Influence of advanced structural modeling technique, mainshock-aftershock sequences, and ground-motion types on seismic fragility of low-rise RC structures

Large earthquakes are rare natural hazards, having catastrophic impact on society due to loss of lives, damage to constructed facilities, and business interruption. Because of damage accumulation due to the main strong shaking, aftershocks potentially endanger the safety of residents and subsequently increase financial loss due to downtime and repair costs. Therefore, accurate prediction of the seismic performance of structures in the post-earthquake stage is critical for disaster risk mitigation. This paper employs an advanced structural modeling technique, which can simulate various features of cyclic degradation in material and structural components using nonlinear fiber beam-column elements.
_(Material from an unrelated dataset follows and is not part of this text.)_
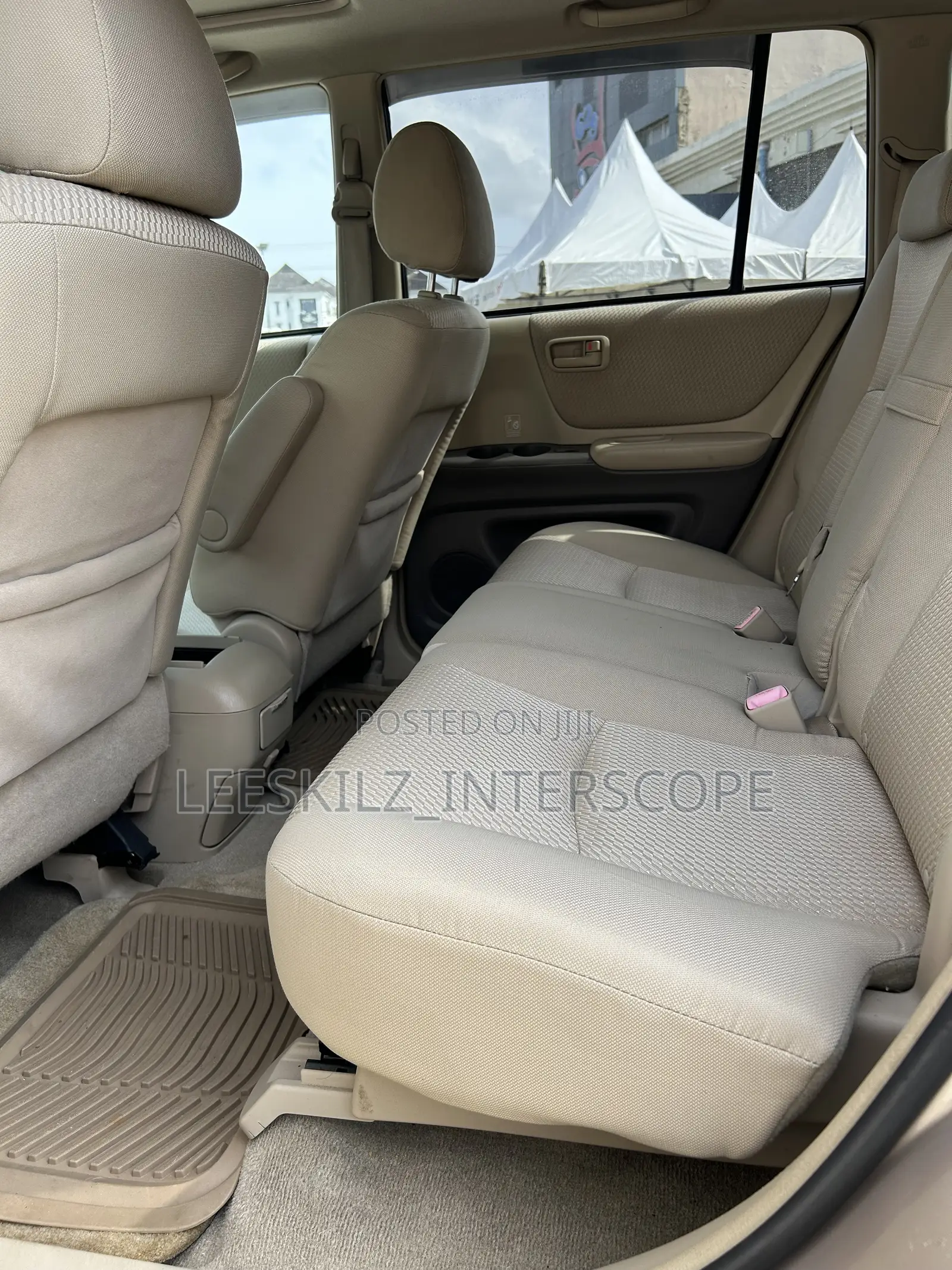 Toyota Highlander 2007 Gold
The model accounts for inelastic buckling and low-cycle fatigue degradation of longitudinal reinforcement and can simulate multiple failure modes of reinforced concrete structures under dynamic loading. Furthermore, a comprehensive ground motion selection accounting for multiple types of ground motions, such as shallow crustal, deep inslab, and subduction earthquakes, is implemented. Finally, a new set of fragility curves has been developed for each ground motion type, which accounts for the aftershock effects and influence of ground motion types on cyclic degradation and failure modes of low-rise reinforced concrete structures. It was found that slight and moderate damage is not significantly affected by major aftershocks for different ground motions types. However, considering aftershocks increases the probability of exceedance of damage for extensive and complete damage up to 5% and 10% for inslab and crustal event, respectively. The proposed methodology significantly improves the accuracy of seismic risk and vulnerability assessment by reducing the uncertainties associated with structural modeling and variability of earthquake ground motions.